> **What the task requires**
The full listing, minus its pictures, should be printed again exactly as it stands.

> **Dataset**

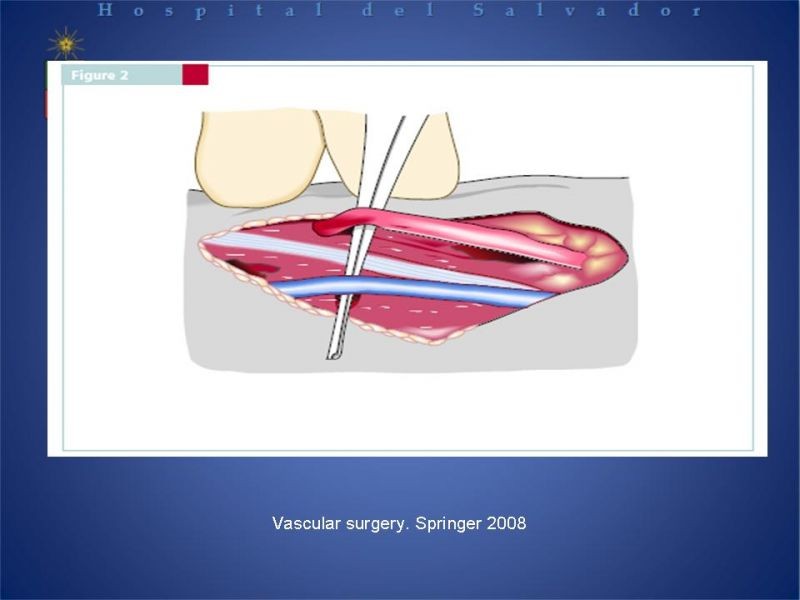 Diapositiva 14 de Reunión de Técnica Quirúrgica: Accesos Vasculares para Hemodiálisis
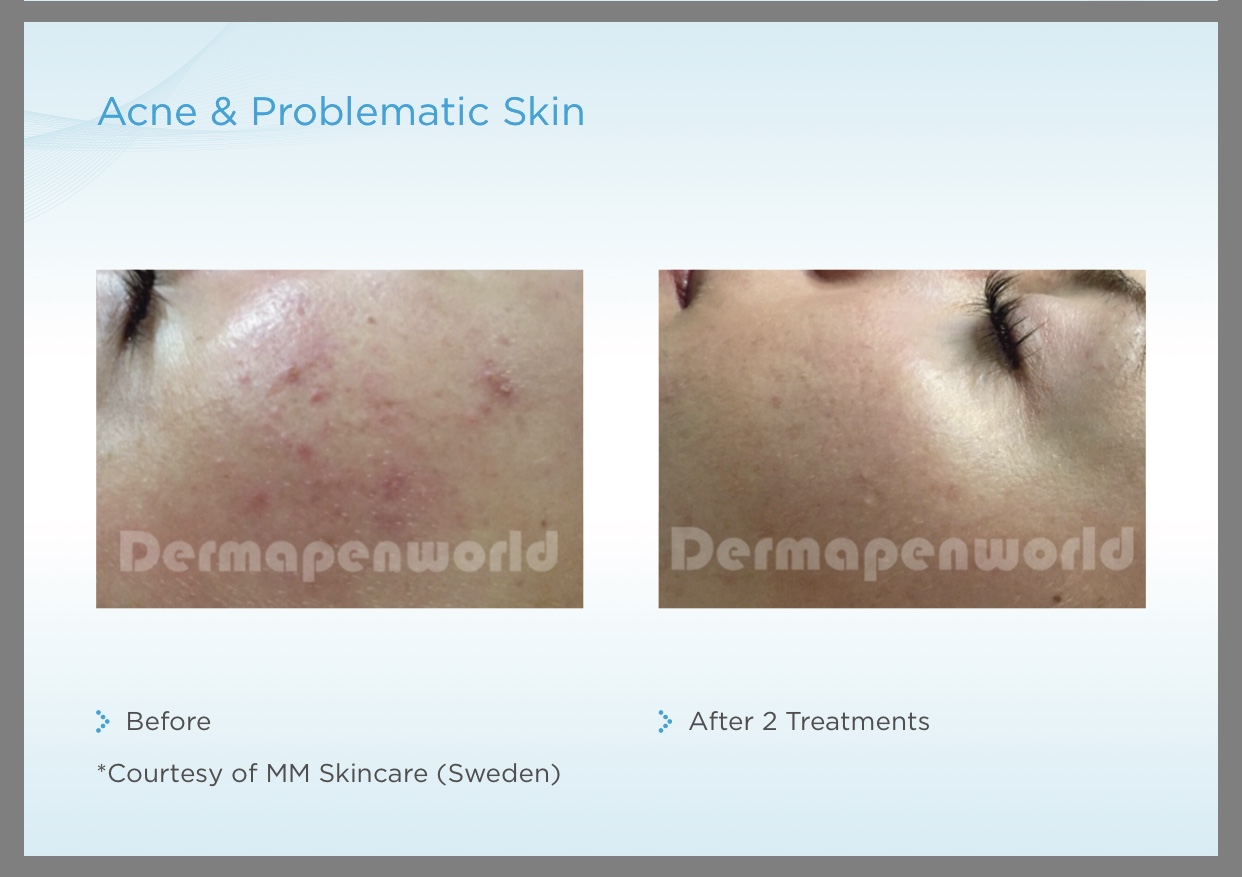 Dermapen Treatment before and after 1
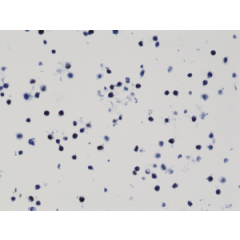 anti-Histone H3 K9M (human), Rabbit Monoclonal (RM191)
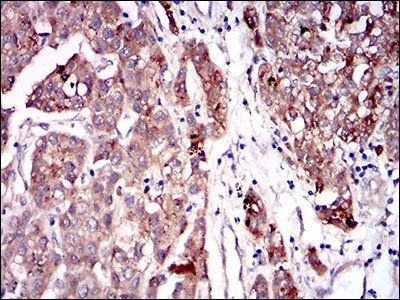 SERPINA7 Antibody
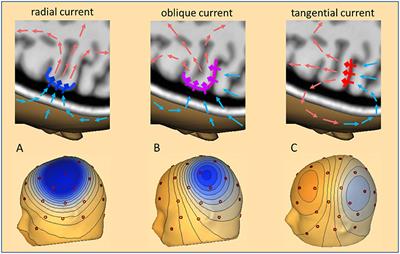 Taking the EEG Back Into the Brain: The Power of Multiple Discrete Sources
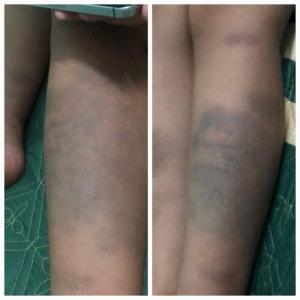 Đà Nẵng: Tạm đình chỉ đứng lớp cô giáo để học sinh bị bạo hành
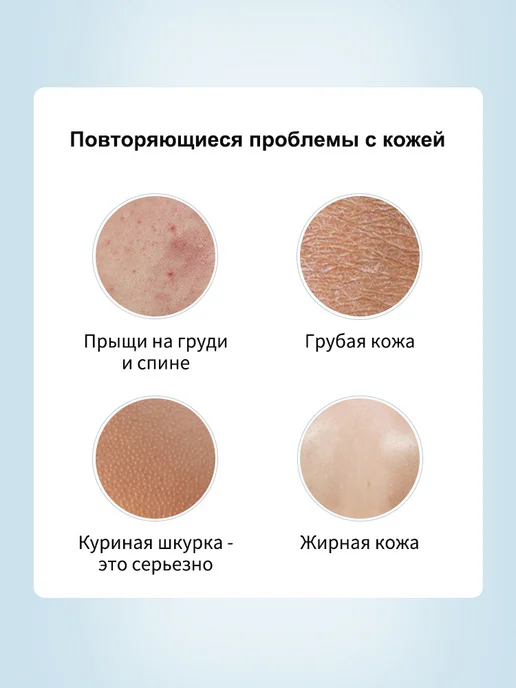 IUALLURE Гель для душа от прыщей на спине 300мл, 300 мл, фото 8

> **Reply to the task**
 Diapositiva 14 de Reunión de Técnica Quirúrgica: Accesos Vasculares para Hemodiálisis
 Dermapen Treatment before and after 1
 anti-Histone H3 K9M (human), Rabbit Monoclonal (RM191)
 SERPINA7 Antibody
 Taking the EEG Back Into the Brain: The Power of Multiple Discrete Sources
 Đà Nẵng: Tạm đình chỉ đứng lớp cô giáo để học sinh bị bạo hành
 IUALLURE Гель для душа от прыщей на спине 300мл, 300 мл, фото 8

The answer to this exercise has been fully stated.